The dealership should have a Contract of Sale for the Sold Notes, and make copies of the relevant contract paperwork for the RFC to have as it’s records. These records must be maintained separately from the dealership. Remember that the IRS requires the dealer to deal with the RFC on an “arm’s length” relationship. Treat the RFC the way you would treat any third-party Finance company buying your notes.
The NIADA published a guide that uses information from an IRS Field Guide the IRS Agents use to audit a car dealership with an RFC.
There are many rules and conditions to having an RFC. Loss of recognition of your RFC can lead to an assessment on the claimed losses, and potential penalties. Add to that the money already spent setting it up and maintaining it, and the dealer can be out a lot more than if he had not bothered with it in the first place.
An RFC is not a simple thing, nor is it to be entered into lightly. It *can* be used to defer taxes on profits, but should be dealt with as that. It is not a tax dodge.
Once again, consult with an experienced CPA and an attorney before taking this on.
The NIADA analytics for 2015 had some interesting statistics.
By and large, BHPH dealers are spending more on cars, and getting less down. A quick comparison to just 4 years ago(2012) shows that the average BHPH unit cost is up almost $1400. At the same time, the average down payment is down by about $125.
The good news is that average percent of accounts past due from 2012 to 2015 slipped from 28.6% to 17.6%, a significant drop of eleven percent.

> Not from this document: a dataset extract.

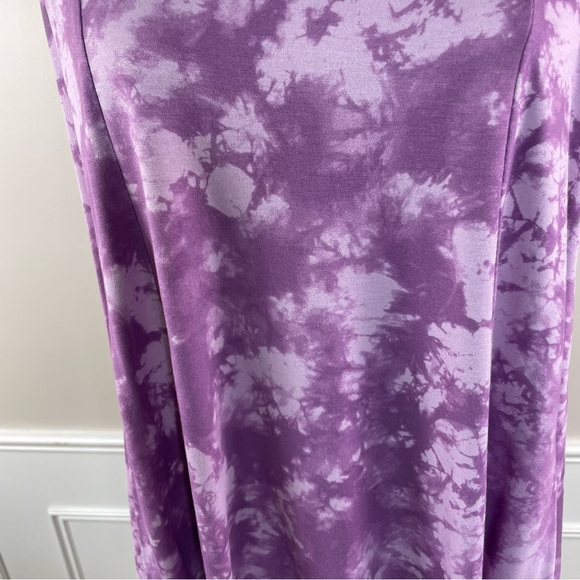 Torrid Super Soft V-Neck Handkerchief Cami. SZ:0. Purple Tie-Die. - Picture 3 of 14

However, reflecting the higher costs as mentioned above, the average charge off per vehicle is up by $800. Bad debt as a percentage of sales climbed from 18% in that timeline to 25%.
Here’s the meat of this matter: Even though there are less past due accounts, dealers have higher bad debt ratios. This could simply mean that you are repossessing or managing the receivables more.
Are you in the Sub-prime business? Most say yes, but analyze your average credit score. Experian Scorex puts sub-prime at credit scores between 550-619. Anything below 550 is considered Deep Subprime.
What “business” you are in should be a determining factor as to how you manage it.
The deeper into subprime you get, the worse your collections will be. This is just simply the nature of it. People don’t have poor credit because they pay on time. Understanding and accepting this is part of the deal. The trick is how to work with them.
We said it before, you can’t just look at the score, you have to look at what makes up the score.
I’ve heard so many dealers complain bitterly about 50-60% collection ratios, but the same dealers are the ones with “Everybody Rides” posted out front in huge letters. I’m not saying you can’t have expectations, but again, you have to temper the expectations based on the customer.
I am a firm believer in working with people instead of screaming at them or threatening them. If you tell them a car is going to cost $500 a month, and they hesitate, then take that as a cue to ask more questions. Ask yourself, can I accept $425 for 42 months instead of $500 for 36 months?
Point is, find out what works for the people you have chosen to do business with. Ask. Large companies spend huge amounts of money targeting their bases. They take the demographics and desires, and retool advertising and stock to meet the needs and wants of the chosen base. There are so many BHPH dealers out there who simply stumble on the business, but make no real effort to determine what business they are in. This is a major reason why so many BHPH lots are here today and gone tomorrow.
If you realize you are in the wrong business, then it’s worth a little money to remake that business into the niche you want it to be, because you will profit rather than spend a few years losing money until you are bankrupt.